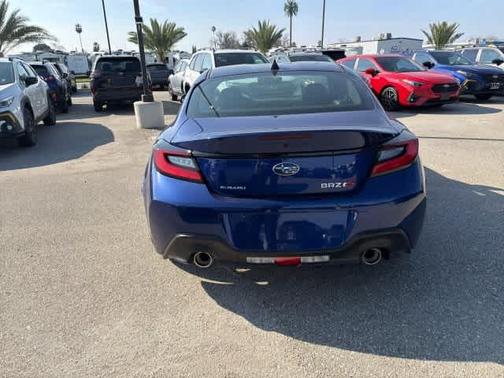 2026 Subaru BRZ TS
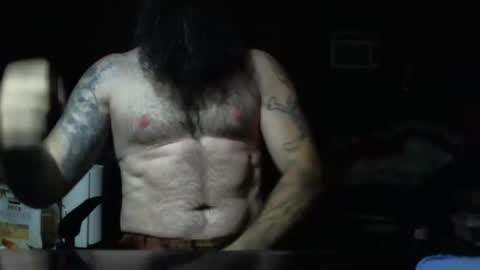 maninthemountains online show from June 6, 5:02 am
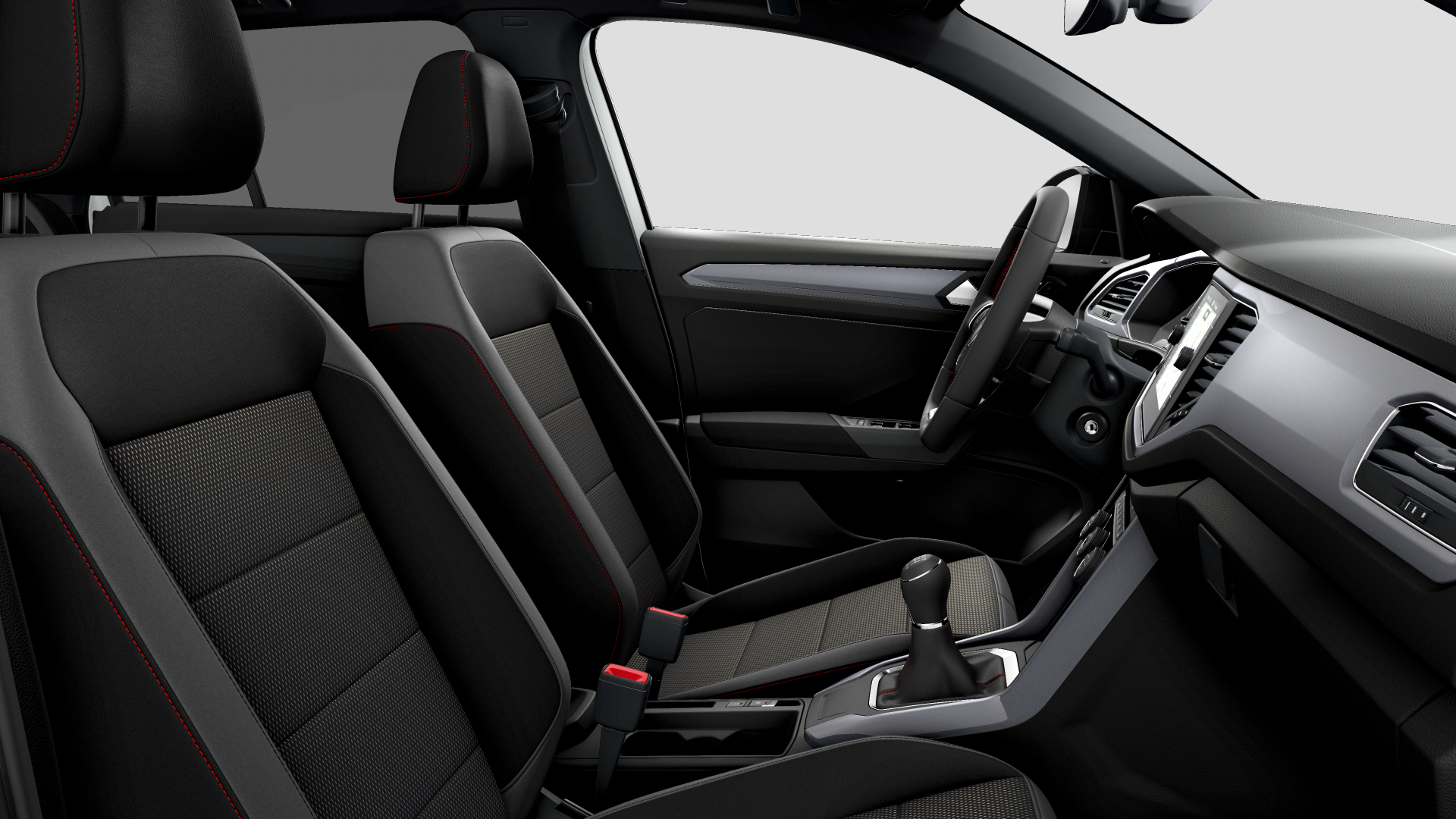 Volkswagen T-Roc 1.5 TSI Sport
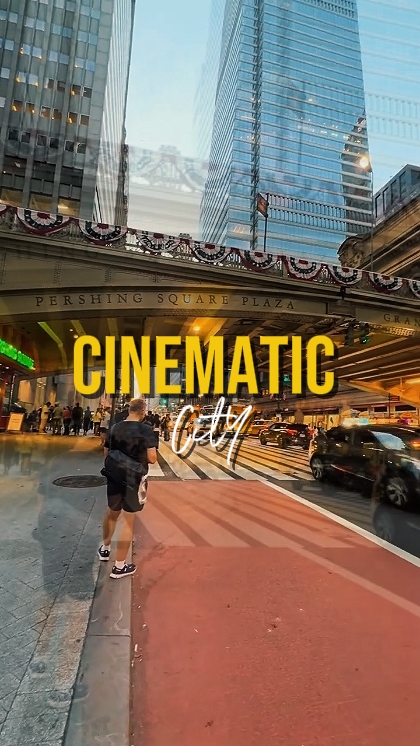 Cinematic City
****************
### Goal of the exercise
Go through the lines above and write each one out verbatim, skipping the pictures.

### Exercise result
 2026 Subaru BRZ TS
 maninthemountains online show from June 6, 5:02 am
 Volkswagen T-Roc 1.5 TSI Sport
 Cinematic City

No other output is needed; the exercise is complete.